In quest’ultimo paragrafo si procede per riprese continue della struttura dualistica interna, immanente e assiologica, del canzoniere (negativo esistenziale e storico e positivo della rinascita impossibile). Ne citerò, in parte riassumendole e reinterpretandole, le ultime variazioni.

«Esplicitamente alla fine del poema informale, ma lungo la sua traiettoria di sfaldamento e catastrofe in relitti, l’antica spossata madre terra, incarnazione naturale dell’archetipo materno, dalla sua rugosa crisalide rinasce corporalmente nella “bambina” sempre emergente in tutto il canzoniere coppoliano dalla morte e dal nulla: “il tuo corpo leggiero in un vestito di fiori [...] nell’acquamarina della notte / e le piume gialle morbide silenziose / le delicate piume rosa della tua pelle”» (è il tratto della «pietas larica-filiale» che, rispetto alla poesia europea maudite ed esistenziale, fa la differenza di quella italiana, e in particolare di quella meridionale di Bodini e Pagano, Pierri e Cattafi).
Nell’ultima poesia pubblicata (C1b2, 7) è racchiuso il senso di una vita divisa, come una “bilancia metafisica”, fra ricorrente autodafé (“sangue d’un peccato che non ho commesso”) – che direi di razionalistica spietatezza autoanalitica, ma, pur a questo suo modo, rinviante ad un remoto condizionamento antropologico-culturale di salentina matrice cattolico-barocca – e implorazione che gli sia insegnata l’edenica perduta “grazia dei fiori e dell’acqua”, fra “il mio lucifero e il mio angelo che non potranno più riunirsi”.

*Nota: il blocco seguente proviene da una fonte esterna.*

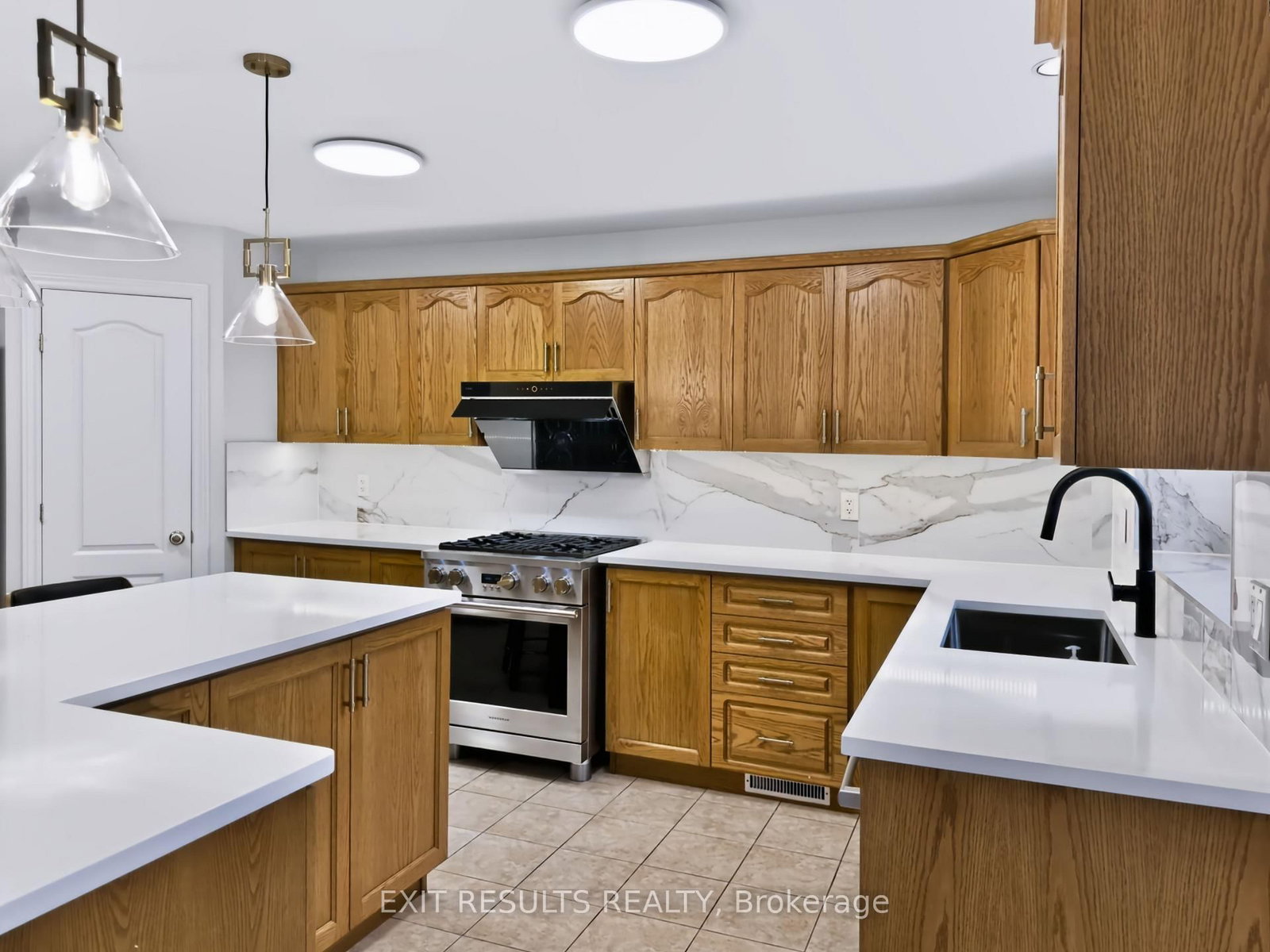 5B KEMP Drive • Ottawa, ON photo 14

Condizione, questa, di radicale contraddizione, la quale, benché comporti la condanna della “creazione” e il “rifiuto della storia”, paradossalmente «cerca di salvare “le creature del Signore” nella loro singolarità, ognuna per sé, puri enti» (affrancate dall’impostura del biblico-cristiano Signore della creazione), con un ritorno di «mistero ontologico» (che connoterei in assoluto senso naturalistico), di «aspirazione alla “grazia essenziale della cosa in sé”», e di «rendimento di “grazie per questa bilancia”», della quale il poeta – non senza metafisica ironia – dubita di esser degno.
Il libro si chiude con questa poesia a versetti, d’informale esemplarità, testamentariamente rappresentativa di una moderna coscienza dissociata, tanto più irrisolta quanto più esigente e alimentata di primarie verità impossibili; e lascia intravedere una nuova frontiera di poesia, un attingimento della parola “creatura” e della parola “cosa” oltre ogni contaminazione conoscitiva, storicamente attivo rivelandosi ancora il mito otto-novecentesco dell’eterno ritorno.